Use a mutex to protect the global aggregate variables.
Use a mutex to protect the task queue.
Use a condition to block and wake worker threads. Think carefully about which mutex should be used to protect it.
Declare variables that you don't want the compiler to optimize using the volatile keyword.
It's ok for the master thread to busy-wait; however, the workers should not!
Compile with -O0 to debug, then switch to -O2 after you're sure the basics are working.
Create several test input files and a script to automatically run (and time) all of them.
Try removing the call to "sleep" in the update function to compress the work times and check for race conditions.
Don't over-engineer! My reference solution adds fewer than 200 total lines.

Grading Criteria

Your submission will be graded on a combination of correctness, functionality, elegance, style, and documentation. Here is a tentative grading rubric:

Grade	Description	Requirements
A	Exceptional	Consistently optimal running times. Correct results on all test cases at all optimization levels. Correct use of all Pthread constructs. Lack of any potential data races. Lack of busy-waiting in worker threads. Error checking for all Pthreads function calls. Clean code with fully consistent style. Insightful documentation. All of the below.
B	Good	Speedup with multiple worker threads. Terminates on all test cases at all optimization levels. Correct implementation of a task queue. Correct use of multiple Pthread synchronization mechanisms. Consistent and reasonable style. No memory leaks. Useful and consistent documentation. All of the below.
C	Satisfactory	Compiles without needing modifications on the cluster with `--std=c99`. Correct results with a single worker thread. Correct use of at least one Pthread synchronization mechanism. Readable style. Minimal amount of documentation. All of the below.
D	Deficient	Some evidence of a good-faith attempt.
F	Unacceptable

Submission

You should copy sum.c into a new file called par_sum.c and modify it to implement the master/worker system described above. Your modified program should accept TWO command-line parameters instead of one: 1) the input filename and 2) the number of worker threads. Your program must compile on the cluster using the following Makefile:

default: sum par_sum

sum: sum.c
	gcc -g -O2 --std=c99 -Wall -o sum sum.c

par_sum: par_sum.c
	gcc -g -O2 --std=c99 -Wall -o par_sum par_sum.c -lpthread

clean:
	rm -f sum par_sum

You should submit your modified program as par_sum.c on Canvas by the due date. You should not submit your Makefile or anything else.

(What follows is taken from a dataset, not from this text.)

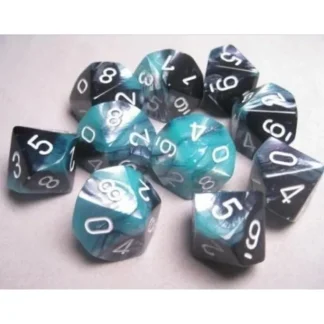Shop Black-Shell / White: Gemini d10 Dice Set (10's) CHX 26246 - Miniature Marvels: Airplane Models & Painted Dice Dice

All submitted code should be elegant, clean, consistent, and well-documented. The code I have provided uses 4-space indentation and the 1TBS style. If you choose to reformat the file to match your own style preferences, make sure you apply the changes throughout. See the coding standards for suggested style guidelines.

Peer Reviews

One of the goals of this course is to encourage good software development practices, especially when building a parallel or distributed software system. For this project, you will be assigned two other random students in the course. You must review their code and offer constructive feedback according to the given rubric.

After the submission deadline, I will assign you two other submissions to review on Canvas. I expect you to review two distinct submissions that are not your own; I will do my best to ensure that the assignments work out but sometimes Canvas does not cooperate. It is your responsibility to inform me immediately if you have been assigned yourself, your partner, or two other same-team partners to review.

To complete the peer review, submit a Canvas comment on the submission with your assessment of the submission according to the provided code review guidelines. I expect at least two paragraphs per review with detailed observations and an assigned overall numeric score. You will be graded on the quality, thoroughness, and professional tone of your review. The peer reviews are due one week after the original project due date.